Help finding a taxonomy for my website - beanie

i want to use autotagging on the website I am building. I am looking to for an affordable food &#38; beverage taxonomy library.Wand has a very good food taxonomy, with 8000 reference terms. However, it costs 15000 dollars, out of the box. Taxonomy warehouse has a food taxonomy with about 1250 terms and its free. However, it only provides a vocabulary for 'food' terms, but none for 'dining', 'cooking', etc.  IF ANYONE CAN HELP ME WITH THIS ISSUE, PROVIDE INSIGHT OR GUIDANCE, I WOULD REALLY APPRECIATE IT. Thank You
======
SudarshanP
Freebase has some great info about food and drink:
<http://www.freebase.com/view/food> You may find the following link useful to
get a deeper understanding of tagging wrt freebase.
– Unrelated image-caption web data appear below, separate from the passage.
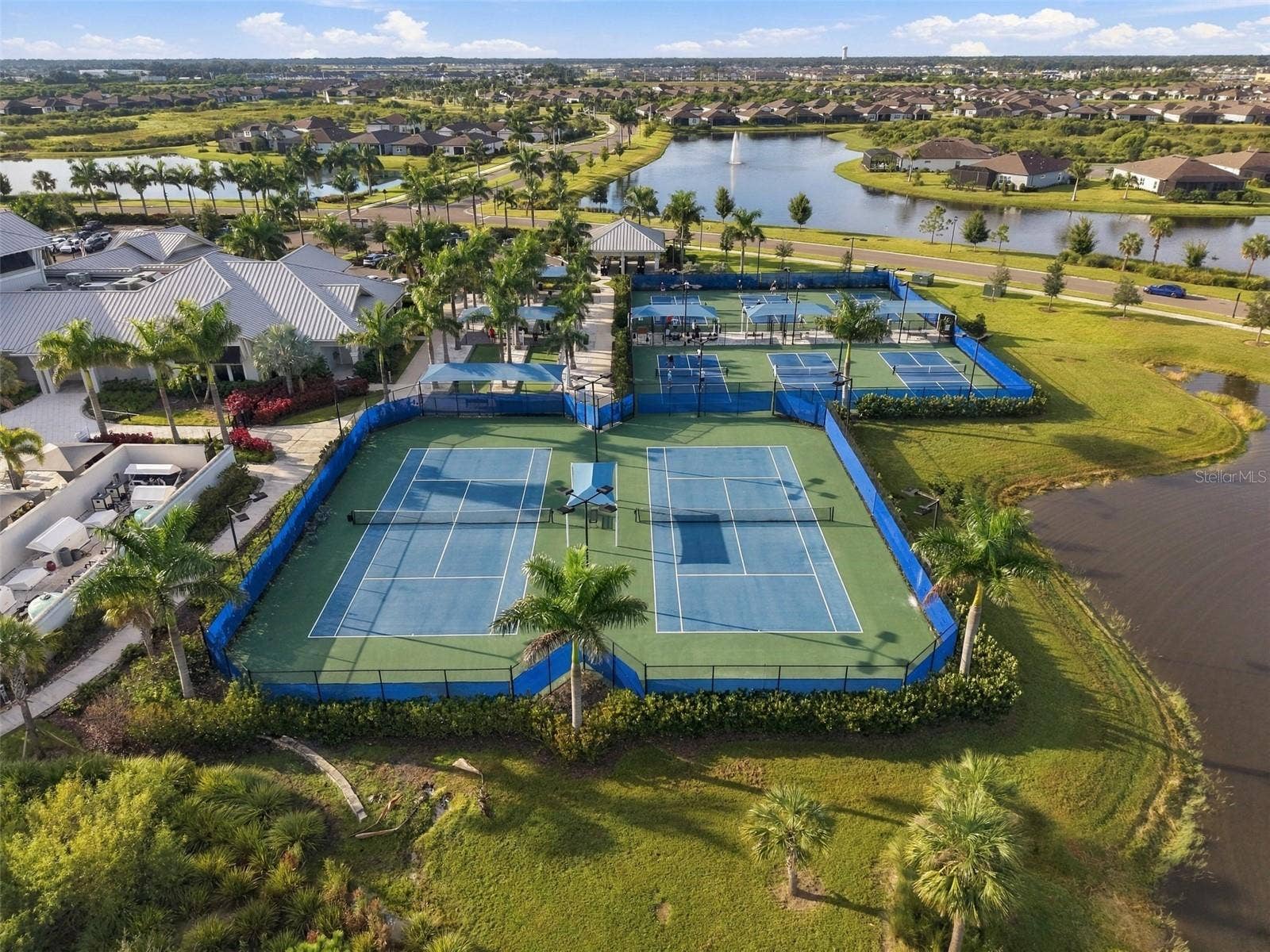 9260 BALLASTER POINTE LOOP, Parrish, FL 34219 Tennis anyone? Two Tennis courts and 8 Pickleboard courts for the Active Adult Lifestyle!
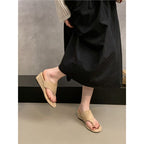 Damen Wedge Zehentrenner-Sandalen mit elegantem Riemendesign R&B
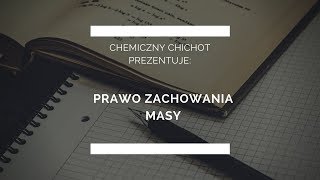 Prawo zachowania masy [upl. by Nets292]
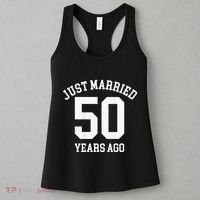 Wedding 50th Anniversary Just Married Football Couple Women's Tank Top thumb 3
[http://blog.freebase.com/2009/06/10/common-tag-using-
freebas...](http://blog.freebase.com/2009/06/10/common-tag-using-freebase-
topics-as-tags/)

------
SudarshanP
I do not mean that you need to do any of that Semantic* stuff. just extract
the tags from freebase if that is all that you care :). But the semantic stuff
is indeed food for thought!